ACTIVITY: In the records below, find the line containing "Cottage (2 Bedrooms) | Interior" and return it together with every later line, exactly as written; pictures are to be omitted.

Collected data:
------------------------------------------------------------
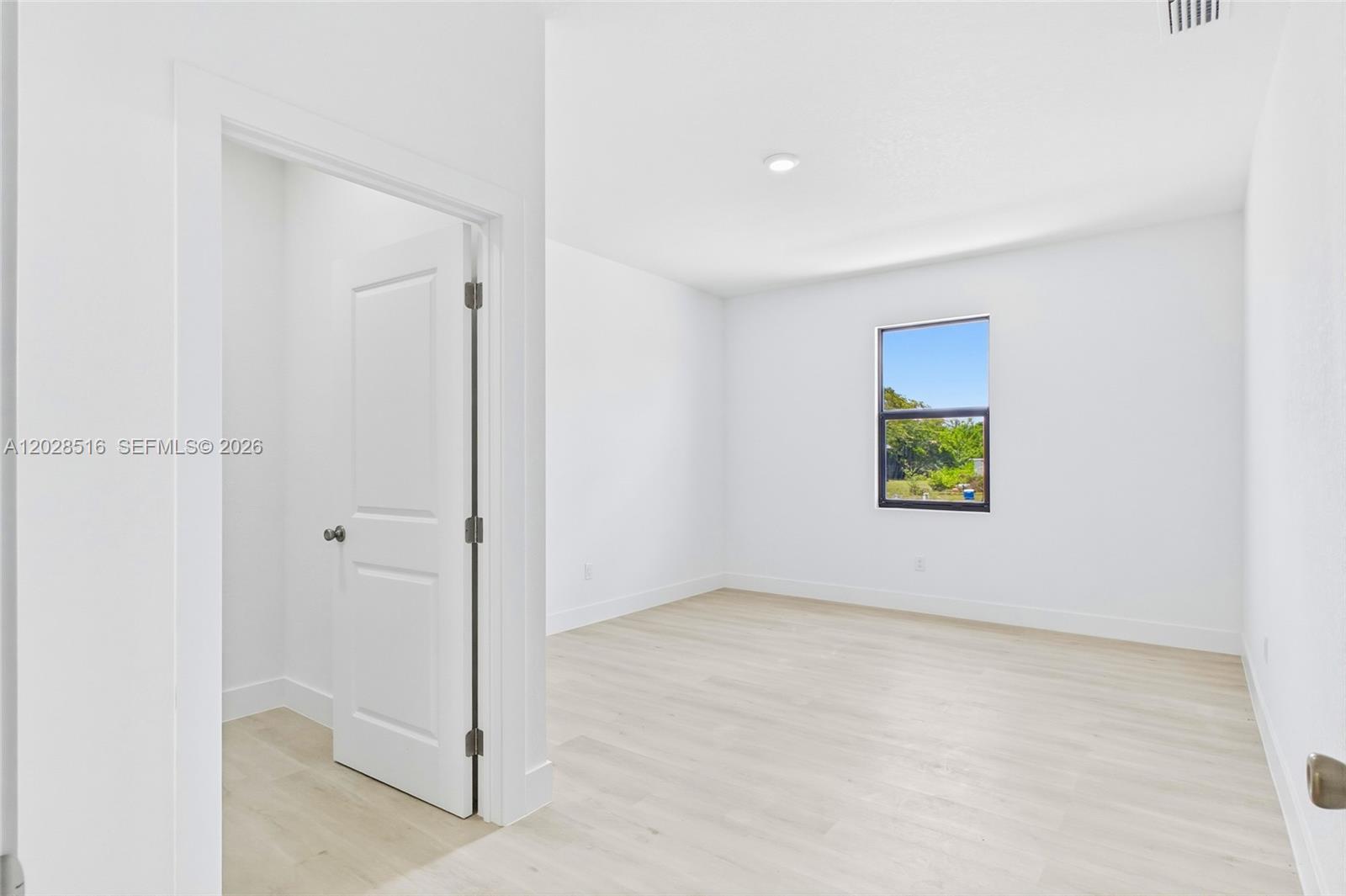   /  2368 sq. ft. $ 2026-06-01 0 foto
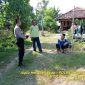 Bhabinkamtibmas Polsek Jatisari Polres Karawang Aiptu Heru Setiawan Sambang Warga Desa Pacing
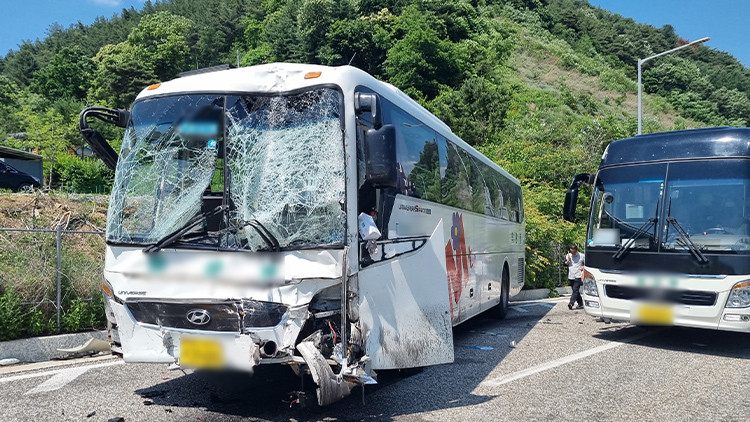 Καραμπόλα με 3 σχολικά λεωφορεία στη Νότια Κορέα – Τουλάχιστον 80 τραυματίες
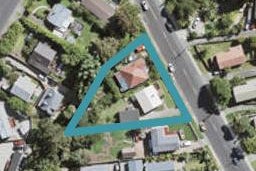 1/92 Kaurilands Road, Titirangi, Auckland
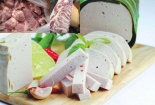 Giò chả làm từ thịt không rõ nguồn gốc xuất xứ nguy hại khôn lường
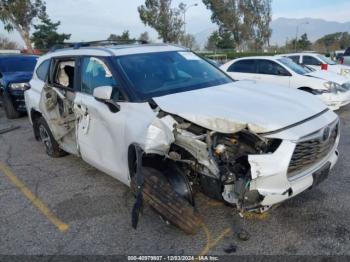  Salvage Toyota Highlander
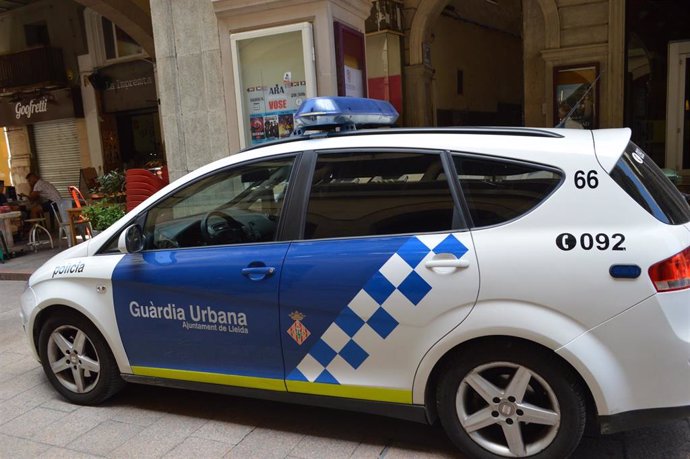 Archivo - Coche de la Guàrdia Urbana de Lleida, en una imagen de archivo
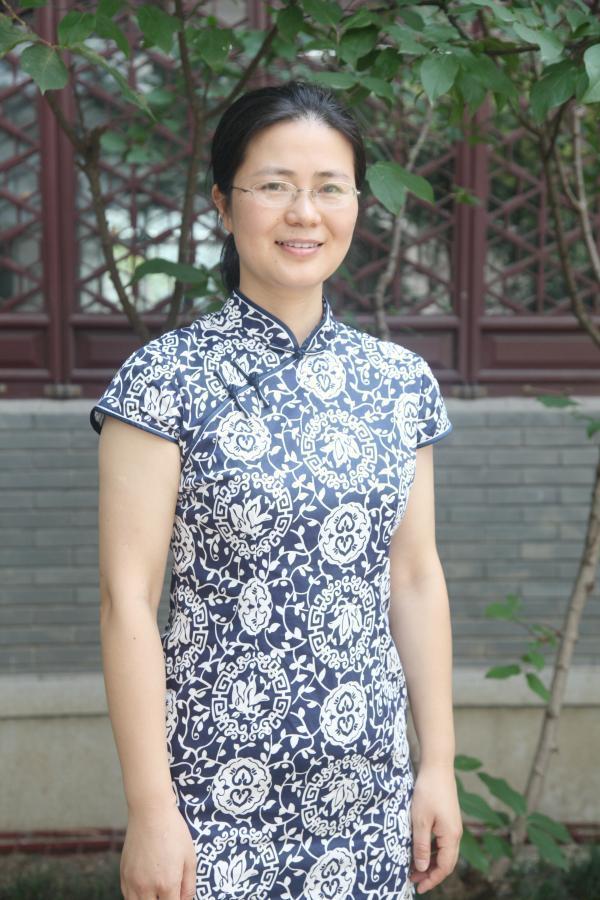 南京英语女教师赴英国教广场舞 已教书21载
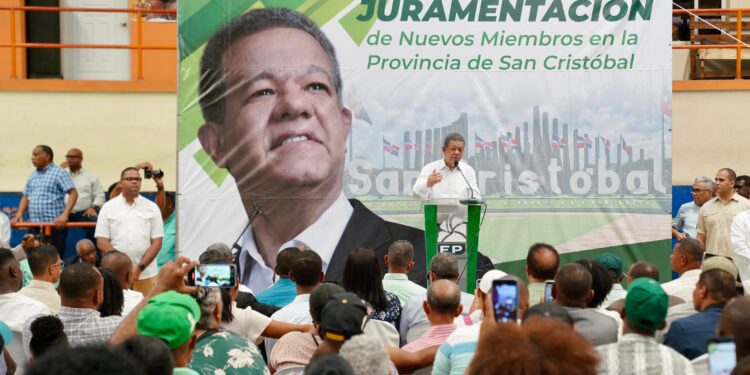 Leonel Fernández asegura que el país ha retrocedido “al siglo 19” bajo el gobierno del PRM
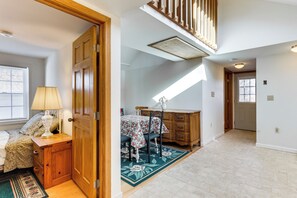 Cottage (2 Bedrooms) | Interior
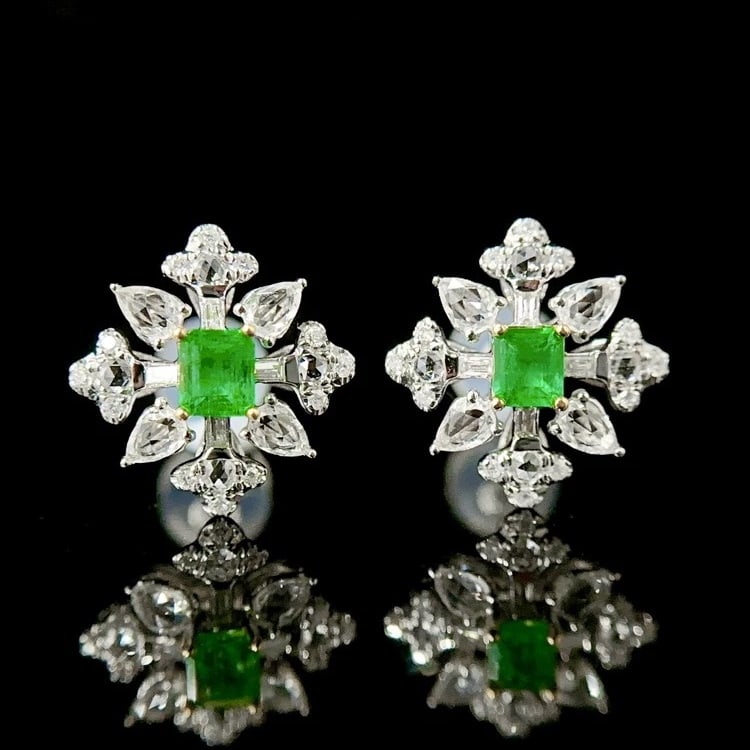 14k Gold 0.62 Ctw Natural Emerald & Diamond Earrings: Ref:230995091 // gold content:14k gold // main gemstone:emerald // shape:octagonal // carat weight:0. 48ct // color:green // treatment:natural // // adjacent gemstone 2 : diamond // shape:multiply // 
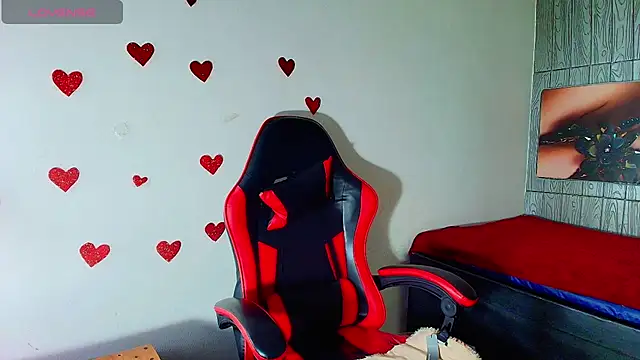 honeyluxe  online show from February 20, 6:26 am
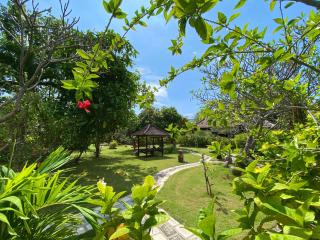Sunia Loka Bungalows & Dive Center - Pemuteran - 1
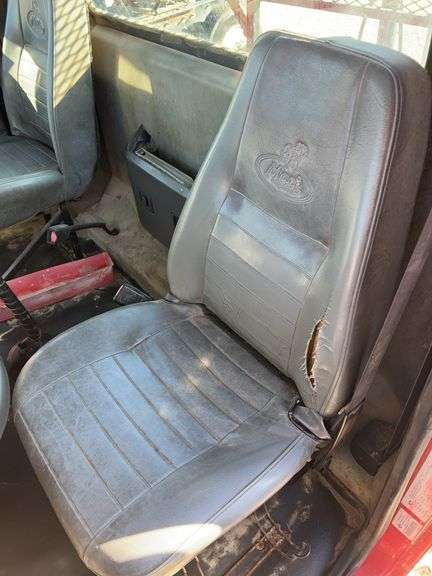 2012 Mack CHU613 showing 32,990 mi, 11,434 hrs- runs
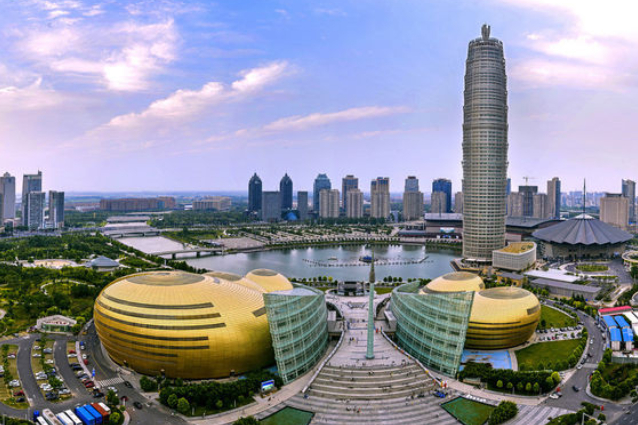 郑州拟编制主城区停车场专项规划，对标深圳、上海等城市经验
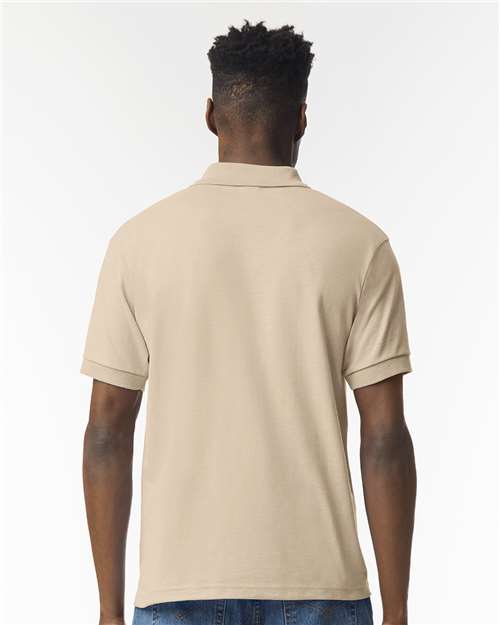 Gildan 8800 Sand — on model back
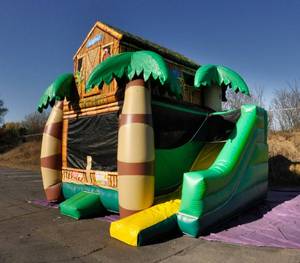 lot 1 image: Huge Tiki Hut Slide Combo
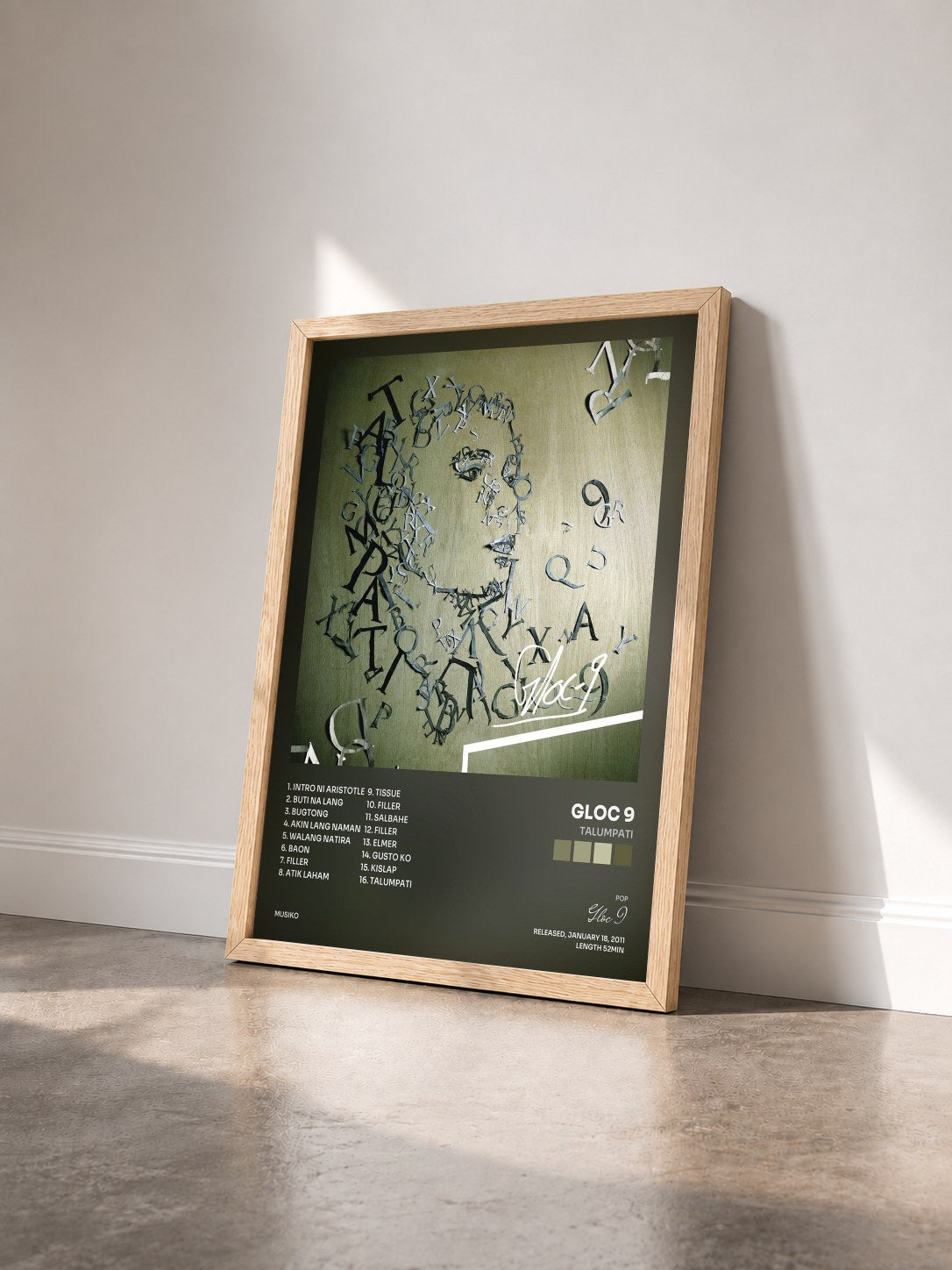 #bois Tableau de l'album Talumpati de Gloc 9 vu de trois quarts, cadre en bois brut
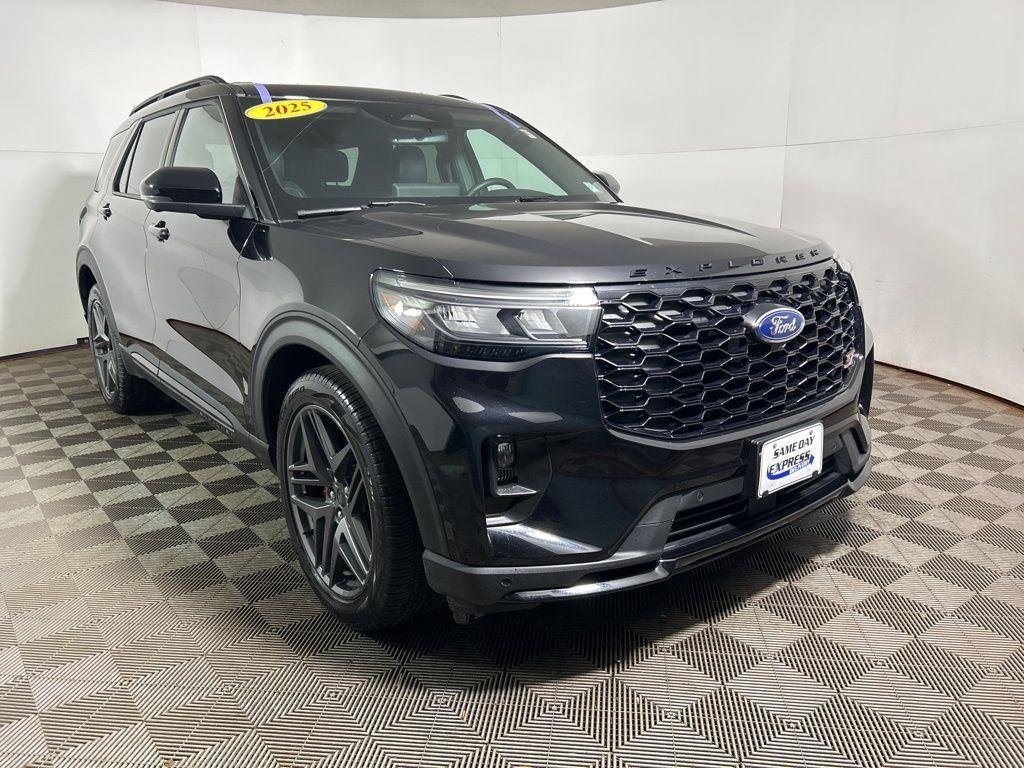 Used 2025 Black Metallic Ford ST image 5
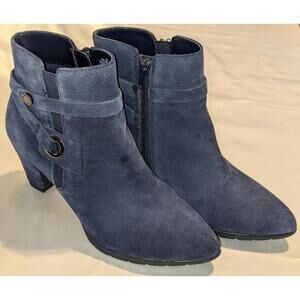 ANNE KLEIN Women's Chelsey iflex Navy Blue Suede Ankle Boots Heels Size 6 M GUC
------------------------------------------------------------
THE COMPLETED TASK:
 Cottage (2 Bedrooms) | Interior
 14k Gold 0.62 Ctw Natural Emerald & Diamond Earrings: Ref:230995091 // gold content:14k gold // main gemstone:emerald // shape:octagonal // carat weight:0. 48ct // color:green // treatment:natural // // adjacent gemstone 2 : diamond // shape:multiply // 
 honeyluxe  online show from February 20, 6:26 am
Sunia Loka Bungalows & Dive Center - Pemuteran - 1
 2012 Mack CHU613 showing 32,990 mi, 11,434 hrs- runs
 郑州拟编制主城区停车场专项规划，对标深圳、上海等城市经验
 Gildan 8800 Sand — on model back
 lot 1 image: Huge Tiki Hut Slide Combo
 #bois Tableau de l'album Talumpati de Gloc 9 vu de trois quarts, cadre en bois brut
 Used 2025 Black Metallic Ford ST image 5
 ANNE KLEIN Women's Chelsey iflex Navy Blue Suede Ankle Boots Heels Size 6 M GUC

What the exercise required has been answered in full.